By Cameron Sim, CEO, Crewspark Inc
Heartbleeds Fast Response (describing the current security data community)
The Heartbleed security bug (http://heartbleed.com/ ), which highlighted vulnerability with the very widely adopted security library OpenSSL was identified in April 2014. Although estimated to affect most of the worlds connected computers, a fix was identified and rapidly adopted inside a few days.
The IT security community has matured over a number of decades and continues to promote constant evolution and innovation through an open community and standard delivery channels. New security breaches will continue for the foreseeable future but a fabric to share and deliver solutions across the globe now exists.Within areas of Big Data and specifically at the confluence of Data Science, Analytics and IT engineering similarly telling trends are beginning to surface.
Innovations in Big Data (How is big data and data science evolving)
As the IT and data analytics communities continue to evolve in their application for further value across academia, business and other sectors; operational and commercial standards are sure to emerge that will shape how organizations interact in the future. Operational inefficiencies that exist today with the process of one company sending data (FTP or other method) to another is unreliable and will be superseded with widely-adopted standards that ensure format and quality of the underlying data, amongst other metrics. Organizations will not only be able to swiftly connect with each other for the transfer of analytics data but take part in an analytics network with similarly operational efficiency to the financial markets.

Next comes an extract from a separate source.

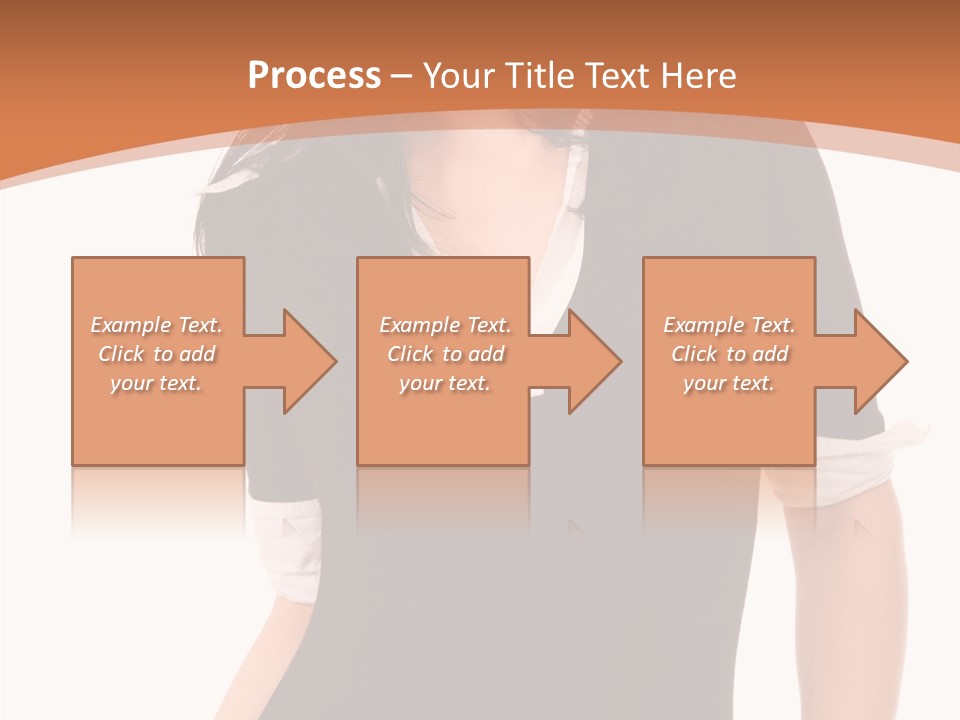Female Smile Beautiful PowerPoint Template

Automated Data Science, with Standards
At a similar pace, greater automation in analytics data processing, enabled through maturing data science practices (as well as the need to constantly reduce TCO within quantitative environments) will focus on storing and organizing data for reusability and traceability from processing and reporting. How data is collected, stored, manipulated, versioned, processed and reconciled back to original source is pertinent to achieving a mature and efficient data management platform, now and certainly in the future.
Another sure advancement in Data Science is the commoditization of algorithms, especially so with accuracy-based logic that include prediction and recommendation. Algorithms applied to data that infer insight have inherent value and can be quantified in terms of accuracy, also recorded might even include assumptions, biases and other metadata that add further context to a shareable algorithm.

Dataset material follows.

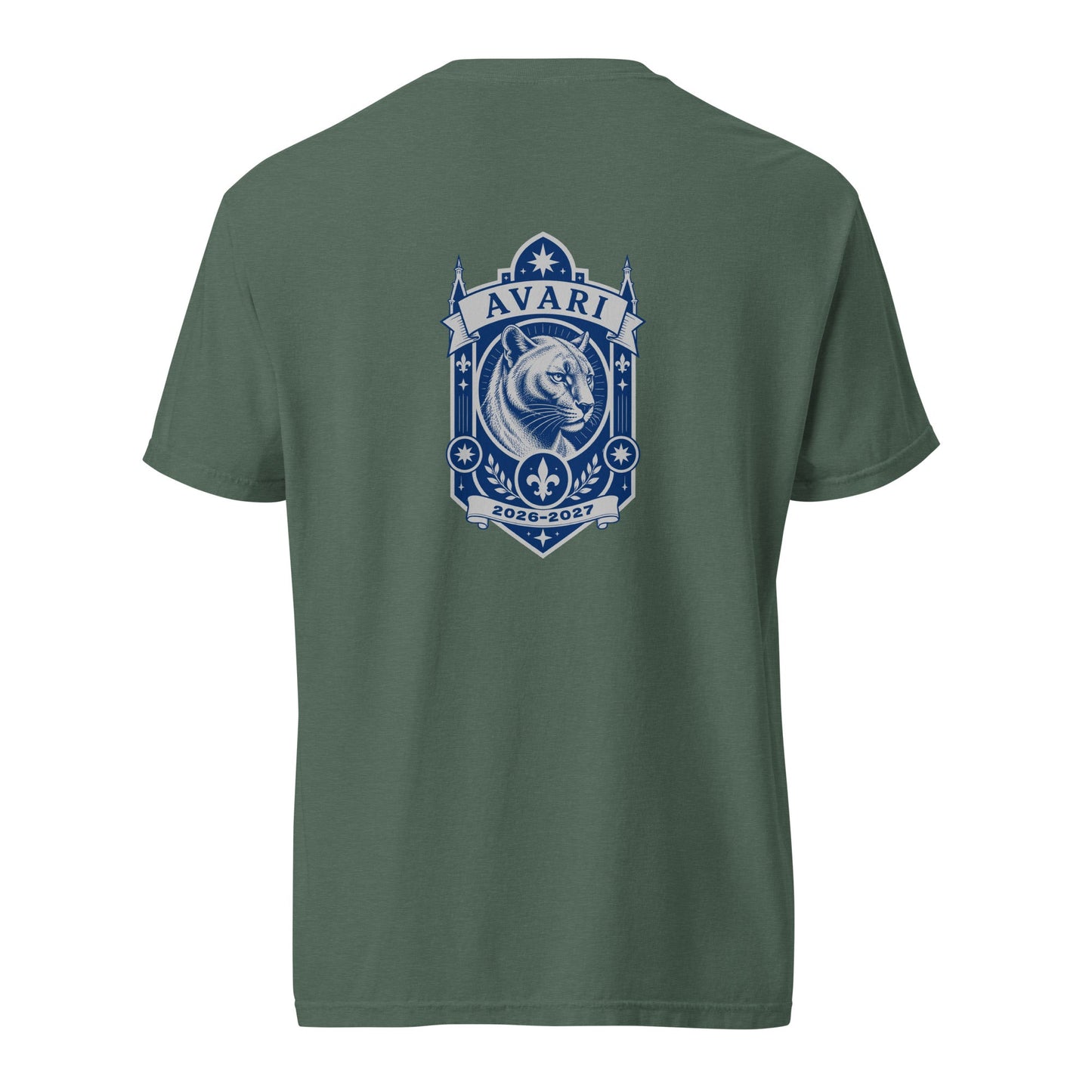 Signature | Comfort Colors T-Shirt | Arma Dei Academy Logic Houses | Avari Logo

The modular and reusable approach to data and algorithms will usher in new standards of automated data science, fostering rapid innovation, enable easier adoption and promise greater data sharing opportunities for all academic, data scientist or organization.
Paramount to any future data marketplace is the ability to ensure a standardized data format. Although government initiatives like www.data.gov have made great strides in making available public sets, many services still expose vastly different formats and reporting tools – much more needs to be done to ensure proper standardization and adoption of public data. Central to any global initiative is a governing body that defines and advocates the standards at which general conformity must happen, at present there are no dominant organizations or groups that have a global footprint and enough community adoption for such a global network.
A Corporate Data Marketplace
In the new world of analytics driven organizations and with a sustaining governance model in place for unstructured or procured data, marketplace interactions at the institutional level will enable even the smallest of adopters to be able subscribe, buy or sell analytics data from any other organization. It’s is also inevitable that the common practices of data science will transition from manual data preparation towards greater levels of automation and in time, a collaborative and inclusive network that fosters far greater levels of innovation than have been achieved to date. As in the IT security industry, standardization and collaboration leads to unification through a robust community and that can be established as critical mass is achieved in IT Big Data maturity.